Inexact Newton-CG method to solve constrained optimization problems in the reduced parameter space. The Newton system is solved inexactly by early termination of CG iterations via Eisenstat-Walker (to prevent oversolving) and Steihaug (to avoid negative curvature) criteria. Globalization is performed using one of the following methods:

• line search (LS) based on the armijo sufficient reduction condition; or
• trust region (TR) based on the prior preconditioned norm of the update direction.

The stopping criterion is based on a control on the norm of the gradient and a control of the inner product between the gradient and the Newton direction.

The user must provide a model that describes the forward problem, cost functionals, and all the derivatives for the gradient and the Hessian.

More specifically the model object should implement following methods:

• generate_vector() -> generate the object containing state, parameter, adjoint
• cost(x) -> evaluate the cost functional, report regularization part and misfit separately
• solveFwd(out, x,tol) -> solve the possibly non linear forward problem up a tolerance tol
• solveAdj(out, x,tol) -> solve the linear adjoint problem
• evalGradientParameter(x, out) -> evaluate the gradient of the parameter and compute its norm
• setPointForHessianEvaluations(x) -> set the state to perform hessian evaluations
• solveFwdIncremental(out, rhs, tol) -> solve the linearized forward problem for a given rhs
• solveAdjIncremental(out, rhs, tol) -> solve the linear adjoint problem for a given rhs
• applyC(dm, out) –> Compute out \(= C_x dm\)
• applyCt(dp, out) –> Compute out = \(C_x dp\)
• applyWuu(du,out) –> Compute out = \((W_{uu})_x du\)
• applyWmu(dm, out) –> Compute out = \((W_{um})_x dm\)
• applyWmu(du, out) –> Compute out = \(W_{mu} du\)
• applyR(dm, out) –> Compute out = \(R dm\)
• applyWmm(dm,out) –> Compute out = \(W_{mm} dm\)
• Rsolver() –> A solver for the regularization term

Type help(Model) for additional information

Initialize the ReducedSpaceNewtonCG. Type ReducedSpaceNewtonCG_ParameterList().showMe() for list of default parameters and their descriptions.

_solve_ls(x)

Solve the constrained optimization problem with initial guess x.

_solve_tr(x)

solve(x)

Input:

x = [u, m, p] represents the initial guess (u and p may be None). x will be overwritten on return.

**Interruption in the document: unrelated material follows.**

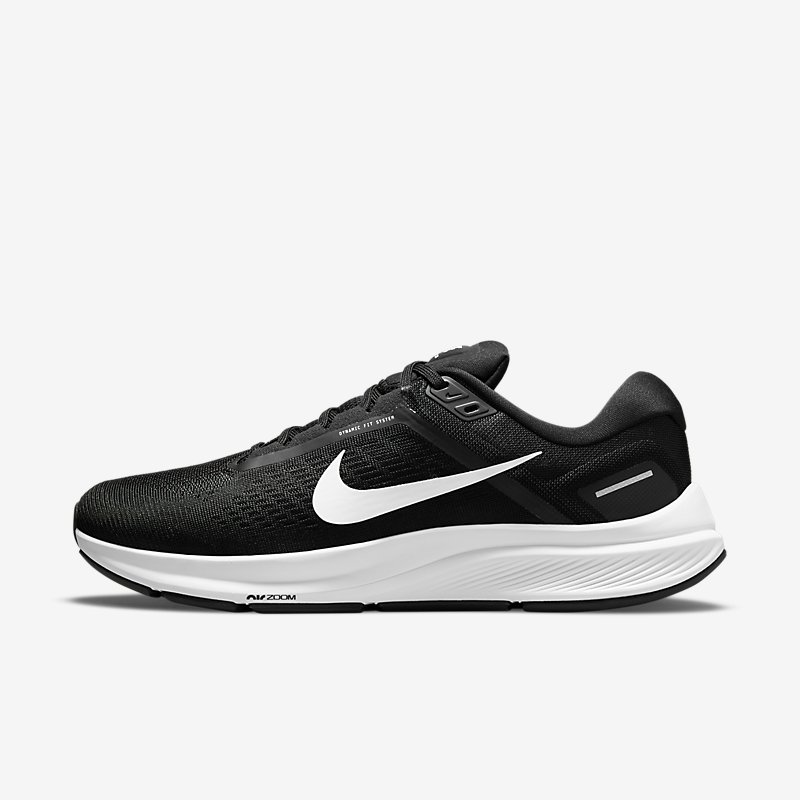 Giày Nike Air Zoom Structure 24 Nam Đen Trắng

termination_reasons = ['Maximum number of Iteration reached', 'Norm of the gradient less than tolerance', 'Maximum number of backtracking reached', 'Norm of (g, dm) less than tolerance']

hippylib.algorithms.NewtonCG.ReducedSpaceNewtonCG_ParameterList()

Generate a ParameterList for ReducedSpaceNewtonCG. type: ReducedSpaceNewtonCG_ParameterList().showMe() for default values and their descriptions

hippylib.algorithms.NewtonCG.TR_ParameterList()

Generate a ParameterList for Trust Region globalization. type: RT_ParameterList().showMe() for default values and their descriptions

hippylib.algorithms.bfgs module

class hippylib.algorithms.bfgs.BFGS(model, parameters=<hippylib.utils.parameterList.ParameterList object>)

Implement BFGS technique with backtracking inexact line search and damped updating See Nocedal & Wright (06), ch.6.2, ch.7.3, ch.18.3

The user must provide a model that describes the forward problem, cost functionals, and all the derivatives for the gradient and the Hessian.

More specifically the model object should implement following methods:

• generate_vector() -> generate the object containing state, parameter, adjoint
• cost(x) -> evaluate the cost functional, report regularization part and misfit separately
• solveFwd(out, x,tol) -> solve the possibly non-linear forward problem up a tolerance tol
• solveAdj(out, x,tol) -> solve the linear adjoint problem
• evalGradientParameter(x, out) -> evaluate the gradient of the parameter and compute its norm
• applyR(dm, out) –> Compute out = \(R dm\)
• Rsolver() –> A solver for the regularization term

Type help(Model) for additional information

Initialize the BFGS solver. Type BFGS_ParameterList().showMe() for default parameters and their description

solve(x, H0inv, bounds_xPARAM=None)

Solve the constrained optimization problem with initial guess x = [u, m0, p].

Note

u and p may be None.

x will be overwritten.

H0inv: the initial approximated inverse of the Hessian for the BFGS operator. It has an optional method update(x) that will update the operator based on x = [u,m,p].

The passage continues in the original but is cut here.